Nous avons eu, pendant tout le carnaval, une infinité de fêtes à la cour, surtout chez le duc de Nemours. Ses bals étaient vraiment très beaux, mais, comme toujours, il y a eu trop de monde, il y faisait trop chaud, et le duc de Nemours, au lieu de s’occuper à faire les honneurs aux femmes, ne s’occupait que des hommes pour voir s’ils étaient en culotte ou en pantalon.
Il désire que l’on porte chez lui la culotte. Il adressait des compliments à ceux qui en avaient et faisait des scènes à ceux qui étaient en pantalon, puis il les poursuivait d’un regard courroucé, de chambre en chambre, jusqu’à obliger les plus timorés à se sauver.

Il n’a pas été moins impitoyable pour ceux qui arrivaient trop tard ou qui voulaient s’en aller de trop bonne heure.

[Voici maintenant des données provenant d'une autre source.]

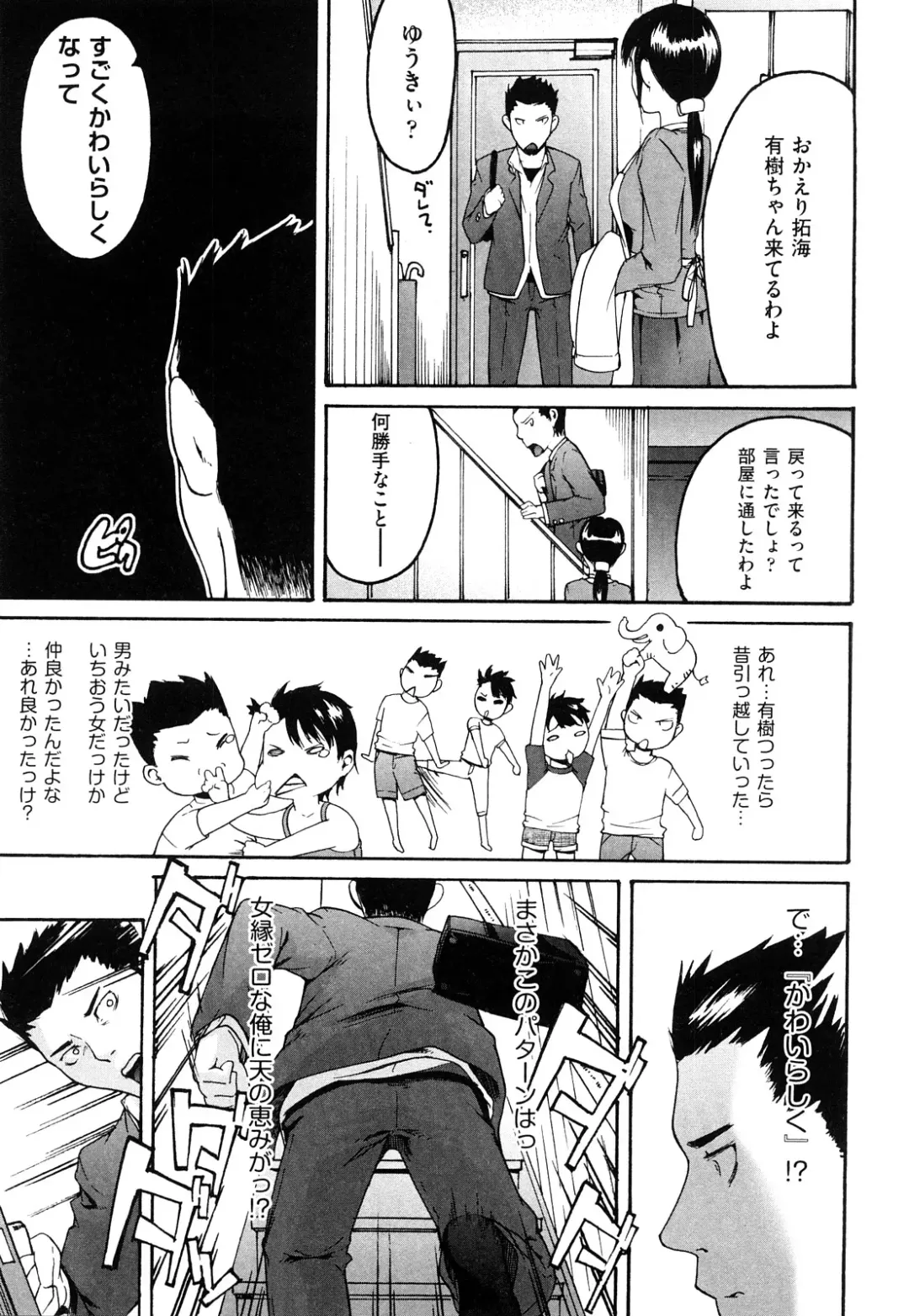 [Ube Yoshiki] Ne! Attamaro? Fhentai - Page 176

Les princes, ses frères, qui, à l’exception du duc de Montpensier, ne dansent pas, ont dû se soumettre, et on les a vus s’asseoir dans un salon moins fréquenté que les autres et s’y livrer au plus doux sommeil.

La duchesse d’Istrie qui, comme beaucoup d’autres femmes, s’est cruellement ennuyée à ces bals, l’a dit assez haut pour être entendue de l’un des aides de camp du prince qui s’est empressé d’en faire part à celui-ci.

Les princes ne valsent pas, cela les étourdit et ne les amusent point. Les princesses, tout au contraire, aimeraient beaucoup valser, mais leurs maris respectifs ne leur permettent pas de valser avec nous autres.
Aussi attendaient-elles le prince de Cobourg (1) comme le Messie. Il arriva fort heureusement pour le dernier bal du duc de Nemours et, en dépit de sa paresse naturelle, il a dû faire valser toutes les princesses. Mais comme il y avait grande foule, et que lui-même n’est pas très bon valseur, il heurta presque tout le monde et peu s’en fallut qu’il jetât par terre la princesse de Joinville et ne tombât lui-même sur elle. Pour prévenir un nouveau danger de ce genre, on imagina d’arrêter tout le monde à la fois pour ne laisser valser que le seul prince de Cobourg qui tournoyait à tour de rôle avec chacune des quatre princesses. Aussitôt qu’il eut cessé de valser, la foule se précipita dans l’arène avec une ardeur redoublée : nous étions comme des échappés de collège, mais un nouveau signal de l’aide de camp fit arrêter tout court.
Je valsais avec la duchesse de Galliera, couverte de diamants. Un peu vivement lancés, nous ne pûmes nous arrêter et la princesse qui valsait déjà, se heurta contre nous. Ce choc occasionna une pluie de diamants que ma duchesse et la princesse perdirent à la fois. Je décrochai la propriété de la princesse de la robe de la duchesse de Galliera et la remis à Son Altesse Royale en échange de ce qu’elle avait enlevé à ma danseuse.
Tout cela fit rire beaucoup, et l’on ne renouvela plus une aussi ridicule manœuvre.

(1) Le duc de Nemours avait épousé en 1840, Victoire-Auguste-Antoinette de Saxe-Cobourg-Gotha ; la princesse Clémentine avait épousé en 1843 Auguste-Louis-Victor de Saxe-Cobourg-Gotha ; le prince de Cobourg dont il est question est un frère de ces derniers.